A 22 de março de 2011 é aprovado, na concertação social – pelas confederações patronais e a UGT – o Acordo Tripartido para a Competitividade e Emprego, que veio dar corpo à Resolução de Conselho de Ministros de 27/12/2010 no sentido de que, face a “debilidades estruturais internas”, se estudassem com os parceiros sociais formas de “garantir que, a par da redução do défice orçamental em percentagem do PIB, sejam criadas as condições para uma recuperação forte e duradoura do crescimento económico”. “Portugal, assim, precisa de aumentar a competitividade das empresas e de combater o desemprego”.
A par de medidas, entre outras, de estímulo a actividade de substituição de importações, melhoria na utilização de fundos estruturais, redução dos “custos de contexto” – como a “revisão dos mecanismos de formação de preços da energia, nomeadamente electricidade e gás natural, incluindo os custos de transporte” e obter “ganhos de eficiência na logística dos transportes”, nomeadamente nos portos – esse acordo abriu a porta à alteração do “conceito de justa causa” no despedimento individual e previu a redução do valor na compensação no despedimento, em pelo menos um terço.
O conjunto destas medidas, se visava um melhor desempenho orçamental, acabou por ter um efeito recessivo que contaminou a gestão orçamental do Estado. Nas tabelas seguintes – relativas à evolução do PIB, da taxa de desemprego e défice orçamenatal – fica patente a ineficácia das medidas de austeridade e das previsões feitas pelo Governo Sócrates, fortemente pressionado pelas instâncias comunitárias.

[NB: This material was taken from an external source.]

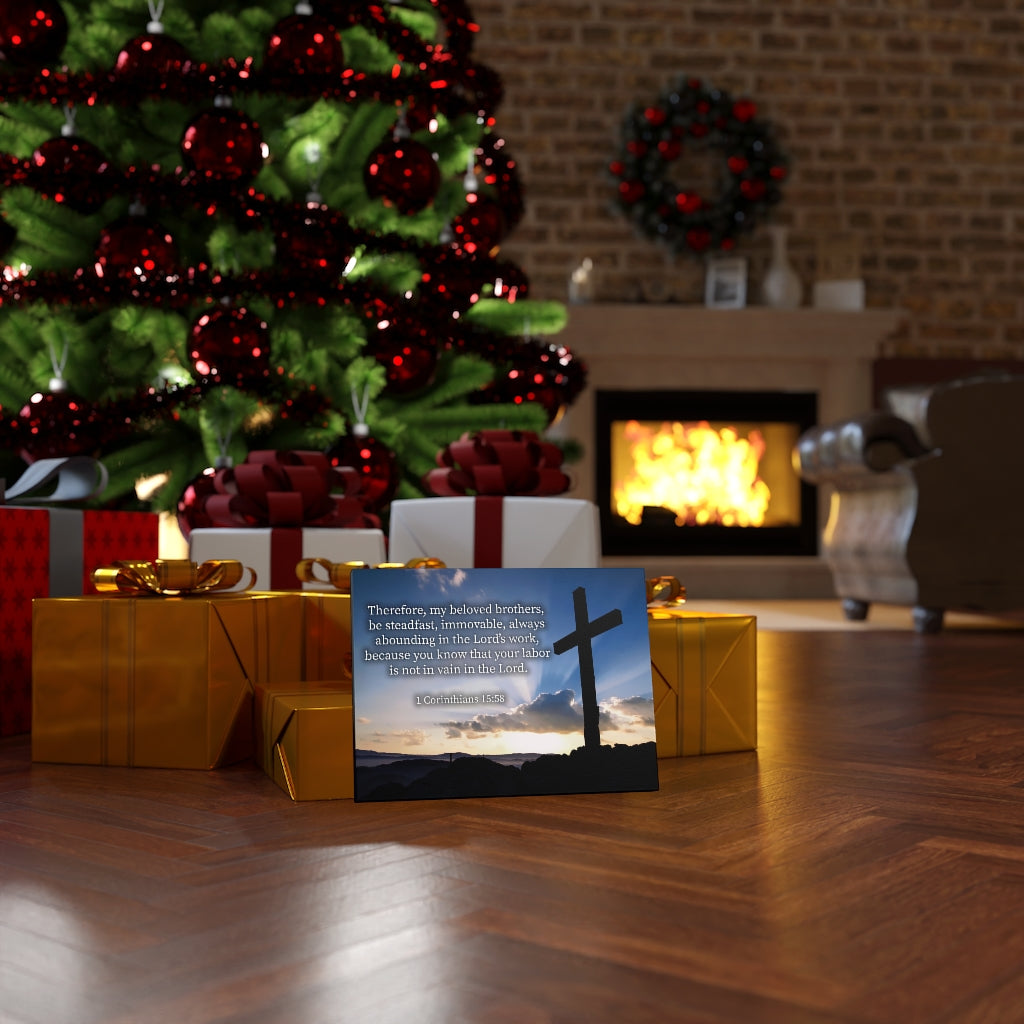 Scripture Walls The Work 1 Corinthians 15:58 Bible Verse Canvas Christian Wall Art Ready to Hang Unframed-Express Your Love Gifts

As primeiras medidas de austeridades deveriam ter feito reduzir o défice orçamental de 10,2% do PIB em 2009, para 7,3% em 2010 e 4,6% em 2011. Em vez disso, o défice orçamental subiu em 2010 para 11,2% do PIB. A ineficácia de cada pacote de medidas justificava o seguinte que, mais tarde, iria justificar o próximo.

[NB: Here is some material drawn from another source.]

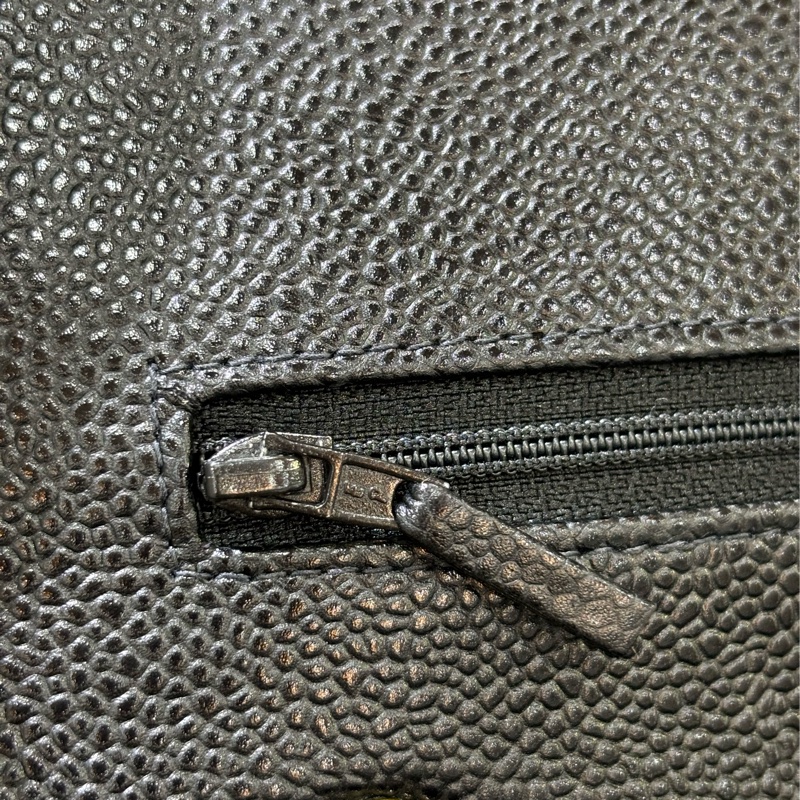 CHANEL A01113 COCO23 CF23 FLAP 黑色荔枝皮金鍊 肩背包 口蓋包 老香-38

O Governo Sócrates assumiu como suas essas medidas, nunca as repudiou, nunca “bateu o pé” às instâncias comunitárias e justificou-as como necessárias, embora se tratasse de uma tentativa forçada de quadrar as pressões comunitárias e uma política soberana de protecção do Estado Social.
Ao mesmo tempo, assistiu-se à revisão em alta do risco-país por parte das principais agências de avaliação financeira, com a subsequente subida nos mercados financeiros das taxas de juro dos títulos de dívida pública. A 6 de Abril de 2011, o Conselho de Ministros aprovou o pedido de ajuda externa.
Desta antecâmara da austeridade, a percepção popular foi a de que o Governo não soube controlar as contas orçamentais até atingirem um ponto perigoso de não retorno. E essa sucessão de medidas ineficazes viria a ser aproveitada políticamente pelo PSD para capitalizar o descontentamento popular, através de um campanha eleitoral – enganadora – baseada na promessa do fim da austeridade e da necessidade de uma reestruturação do aparelho do Estado que atacaria os problemas de fundo da economia. A comunicação social ampliou este entusiasmo de, finalmente, se resolver os males que se avolumavam há décadas.
3. A Austeridade trazida pela troika
Face a estes resultados, seria expectável que a troika pudesse avaliar a situação com outros olhos e tomar as medidas adequadas a permitir uma retoma a prazo, sem fazer perigar o desempenho da economia e a gestão das contas orçamentais. Mas, ao contrário, o Memorando de Entendimento e as suas diversas versões ampliaram o âmbito das anteriores medidas de austeridade e alargou-as às principais áreas do funcionamento do Estado.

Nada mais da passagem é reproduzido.